YOUR OBJECTIVE: Return the whole listing unchanged. Drop the images.
-=-=-=-=-
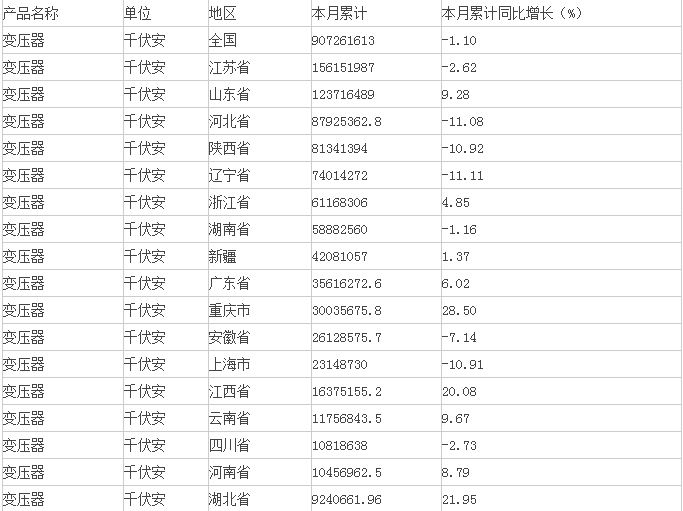 中商产业研究院数据显示：2015年1-7月生产变压器907261613.17 千伏安，同比下降1.10 %。分析整理：中商产业研究院                         
                            原标题:2015年1-7月中国变压器产量情况
                        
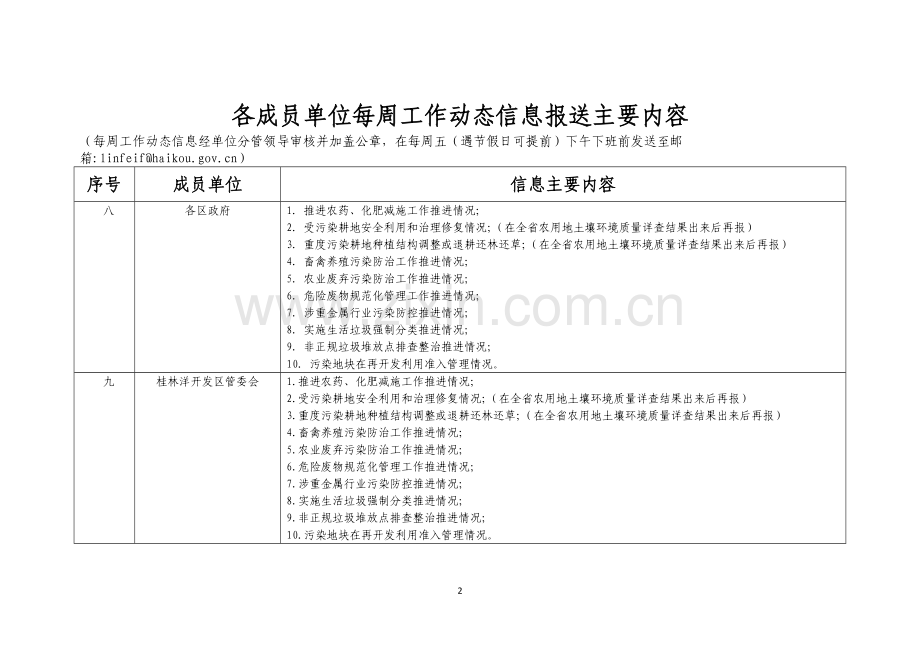 各成员单位每周工作动态信息报送主要内容.doc_第2页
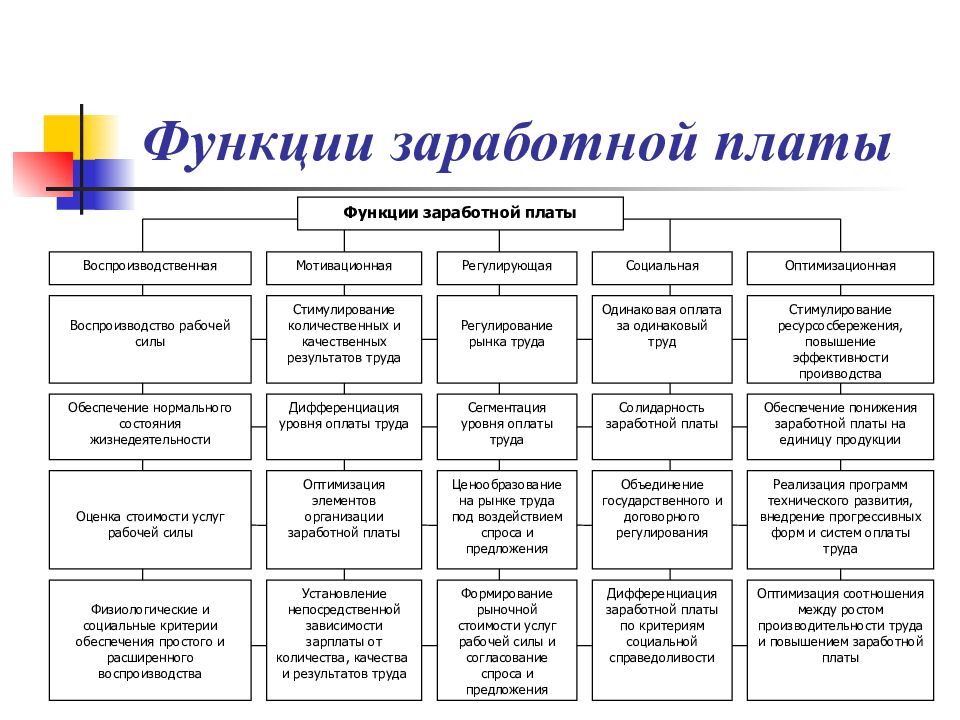 Функции заработной платы презентация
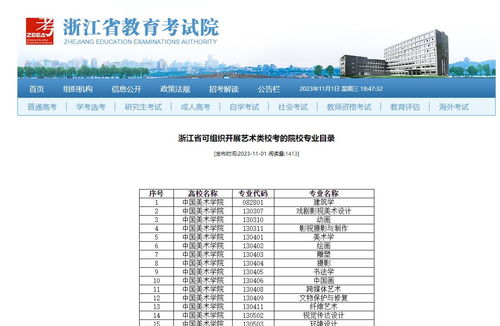 重慶郵電大學(xué)信息與通信工程學(xué)科 2023年排名第15位的實(shí)力解析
-=-=-=-=-
ANSWER SECTION:
 中商产业研究院数据显示：2015年1-7月生产变压器907261613.17 千伏安，同比下降1.10 %。分析整理：中商产业研究院                         
                            原标题:2015年1-7月中国变压器产量情况
                        
 各成员单位每周工作动态信息报送主要内容.doc_第2页
 Функции заработной платы презентация
 重慶郵電大學(xué)信息與通信工程學(xué)科 2023年排名第15位的實(shí)力解析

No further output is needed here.